## TASK INSTRUCTIONS
Copy exactly the lines of the data below that run from the line holding "Swing And Pillows" through the line holding "Carissa Broadbent Crowns", both ends included.

## AVAILABLE DATA
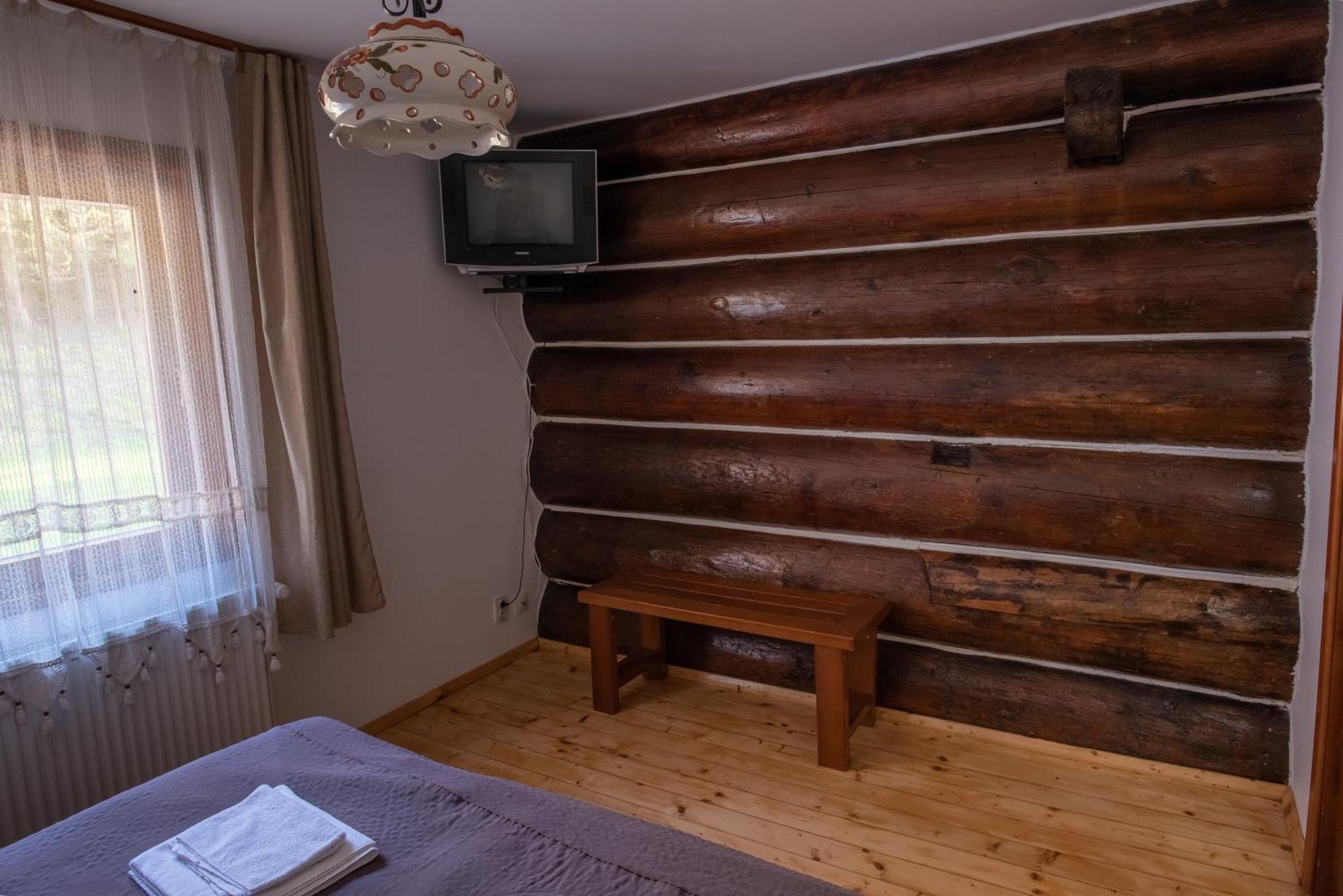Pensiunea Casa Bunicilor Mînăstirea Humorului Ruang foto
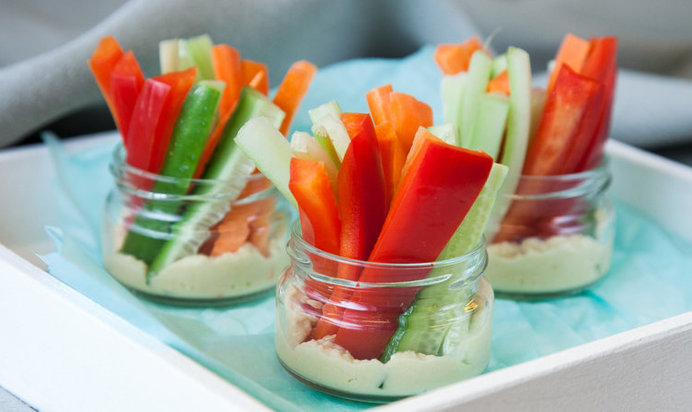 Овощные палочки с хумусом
...
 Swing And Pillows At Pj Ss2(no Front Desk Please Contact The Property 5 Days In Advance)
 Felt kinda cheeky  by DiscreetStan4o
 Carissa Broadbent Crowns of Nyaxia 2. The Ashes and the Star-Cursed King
---
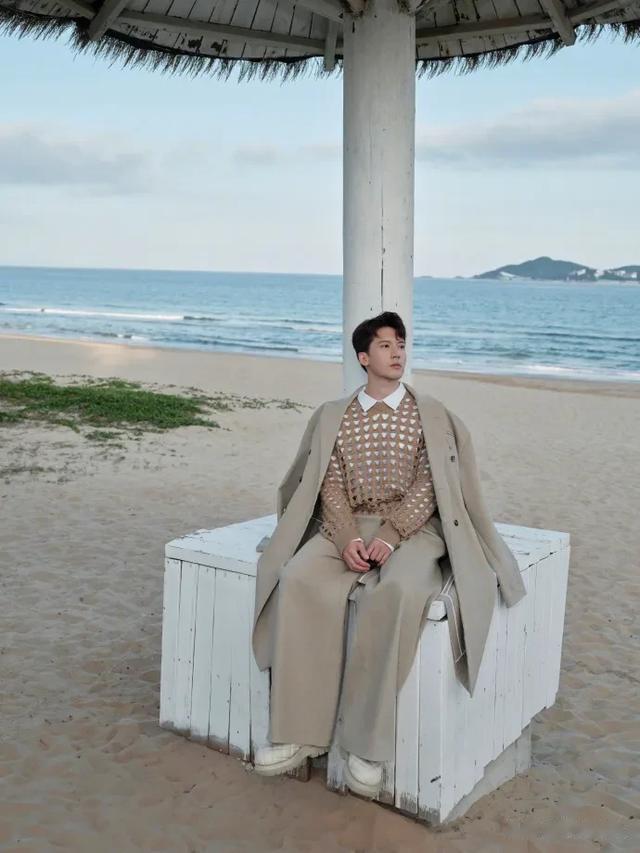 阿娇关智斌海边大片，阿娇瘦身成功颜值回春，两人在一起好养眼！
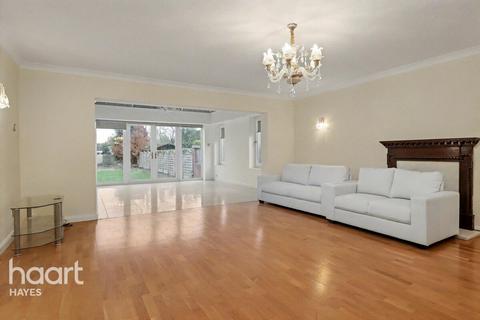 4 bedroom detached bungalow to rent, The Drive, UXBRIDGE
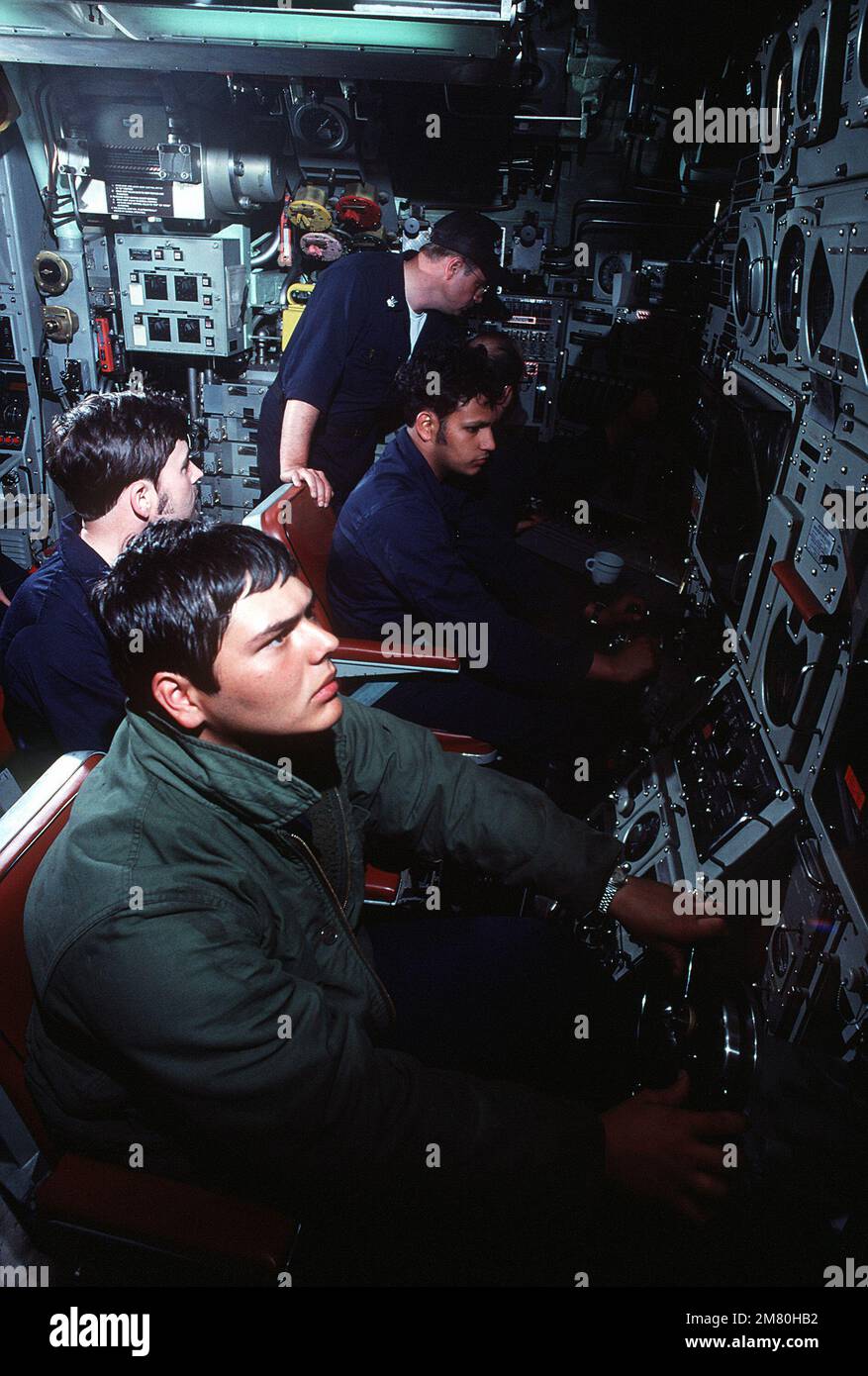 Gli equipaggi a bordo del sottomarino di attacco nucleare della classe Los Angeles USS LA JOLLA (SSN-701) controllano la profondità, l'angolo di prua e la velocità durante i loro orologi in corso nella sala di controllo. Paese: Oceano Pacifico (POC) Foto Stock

## ANSWER TO THE EXERCISE
 Swing And Pillows At Pj Ss2(no Front Desk Please Contact The Property 5 Days In Advance)
 Felt kinda cheeky  by DiscreetStan4o
 Carissa Broadbent Crowns of Nyaxia 2. The Ashes and the Star-Cursed King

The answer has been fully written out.